• [Exercise objective] For the data below, restate word for word only the lines from the line containing "A majestic owl" through the line containing "Foto von Meeru", both ends included.

--- Given data Enclosed Below ---

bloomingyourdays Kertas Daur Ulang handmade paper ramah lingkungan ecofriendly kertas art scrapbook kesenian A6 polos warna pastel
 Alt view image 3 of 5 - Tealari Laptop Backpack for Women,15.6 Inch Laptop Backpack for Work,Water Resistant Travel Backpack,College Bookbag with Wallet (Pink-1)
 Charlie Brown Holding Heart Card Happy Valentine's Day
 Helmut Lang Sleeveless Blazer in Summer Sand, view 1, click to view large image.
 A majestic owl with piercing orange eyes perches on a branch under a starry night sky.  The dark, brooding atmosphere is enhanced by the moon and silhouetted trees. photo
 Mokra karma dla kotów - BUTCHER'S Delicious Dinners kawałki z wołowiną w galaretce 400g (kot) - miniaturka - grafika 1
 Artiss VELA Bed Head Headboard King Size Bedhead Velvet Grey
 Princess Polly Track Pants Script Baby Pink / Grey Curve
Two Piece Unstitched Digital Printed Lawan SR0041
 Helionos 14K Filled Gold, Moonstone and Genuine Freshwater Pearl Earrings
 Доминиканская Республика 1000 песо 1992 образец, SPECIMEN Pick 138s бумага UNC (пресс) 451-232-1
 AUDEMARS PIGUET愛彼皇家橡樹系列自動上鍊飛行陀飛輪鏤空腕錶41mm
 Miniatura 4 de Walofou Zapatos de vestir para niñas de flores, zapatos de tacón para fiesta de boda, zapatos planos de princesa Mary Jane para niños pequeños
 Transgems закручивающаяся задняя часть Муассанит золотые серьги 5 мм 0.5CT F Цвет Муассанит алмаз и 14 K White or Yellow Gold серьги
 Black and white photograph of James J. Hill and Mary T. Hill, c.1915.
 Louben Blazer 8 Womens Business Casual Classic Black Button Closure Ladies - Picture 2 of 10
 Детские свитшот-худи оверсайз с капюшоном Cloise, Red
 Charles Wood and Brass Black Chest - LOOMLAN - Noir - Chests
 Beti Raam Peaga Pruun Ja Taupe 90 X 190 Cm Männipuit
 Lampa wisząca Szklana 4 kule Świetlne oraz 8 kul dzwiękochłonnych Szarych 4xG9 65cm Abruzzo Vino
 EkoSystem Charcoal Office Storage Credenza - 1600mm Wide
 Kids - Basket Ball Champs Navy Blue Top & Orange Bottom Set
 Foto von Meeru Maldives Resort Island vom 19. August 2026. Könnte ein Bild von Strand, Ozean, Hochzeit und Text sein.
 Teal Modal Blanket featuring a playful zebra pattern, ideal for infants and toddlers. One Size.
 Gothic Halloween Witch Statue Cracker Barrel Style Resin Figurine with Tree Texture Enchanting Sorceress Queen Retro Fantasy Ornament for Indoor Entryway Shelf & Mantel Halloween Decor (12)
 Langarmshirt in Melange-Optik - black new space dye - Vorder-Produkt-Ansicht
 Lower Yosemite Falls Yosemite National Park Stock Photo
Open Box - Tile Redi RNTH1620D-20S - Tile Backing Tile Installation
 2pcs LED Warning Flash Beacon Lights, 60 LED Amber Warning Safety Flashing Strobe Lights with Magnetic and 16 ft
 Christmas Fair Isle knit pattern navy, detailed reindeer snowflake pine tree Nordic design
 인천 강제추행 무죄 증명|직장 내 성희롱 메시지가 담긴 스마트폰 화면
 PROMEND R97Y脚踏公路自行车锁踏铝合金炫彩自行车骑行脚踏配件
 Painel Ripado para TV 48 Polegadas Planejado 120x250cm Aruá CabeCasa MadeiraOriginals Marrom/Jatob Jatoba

--- End of Enclosed Given data ---

• [Reply]
 A majestic owl with piercing orange eyes perches on a branch under a starry night sky.  The dark, brooding atmosphere is enhanced by the moon and silhouetted trees. photo
 Mokra karma dla kotów - BUTCHER'S Delicious Dinners kawałki z wołowiną w galaretce 400g (kot) - miniaturka - grafika 1
 Artiss VELA Bed Head Headboard King Size Bedhead Velvet Grey
 Princess Polly Track Pants Script Baby Pink / Grey Curve
Two Piece Unstitched Digital Printed Lawan SR0041
 Helionos 14K Filled Gold, Moonstone and Genuine Freshwater Pearl Earrings
 Доминиканская Республика 1000 песо 1992 образец, SPECIMEN Pick 138s бумага UNC (пресс) 451-232-1
 AUDEMARS PIGUET愛彼皇家橡樹系列自動上鍊飛行陀飛輪鏤空腕錶41mm
 Miniatura 4 de Walofou Zapatos de vestir para niñas de flores, zapatos de tacón para fiesta de boda, zapatos planos de princesa Mary Jane para niños pequeños
 Transgems закручивающаяся задняя часть Муассанит золотые серьги 5 мм 0.5CT F Цвет Муассанит алмаз и 14 K White or Yellow Gold серьги
 Black and white photograph of James J. Hill and Mary T. Hill, c.1915.
 Louben Blazer 8 Womens Business Casual Classic Black Button Closure Ladies - Picture 2 of 10
 Детские свитшот-худи оверсайз с капюшоном Cloise, Red
 Charles Wood and Brass Black Chest - LOOMLAN - Noir - Chests
 Beti Raam Peaga Pruun Ja Taupe 90 X 190 Cm Männipuit
 Lampa wisząca Szklana 4 kule Świetlne oraz 8 kul dzwiękochłonnych Szarych 4xG9 65cm Abruzzo Vino
 EkoSystem Charcoal Office Storage Credenza - 1600mm Wide
 Kids - Basket Ball Champs Navy Blue Top & Orange Bottom Set
 Foto von Meeru Maldives Resort Island vom 19. August 2026. Könnte ein Bild von Strand, Ozean, Hochzeit und Text sein.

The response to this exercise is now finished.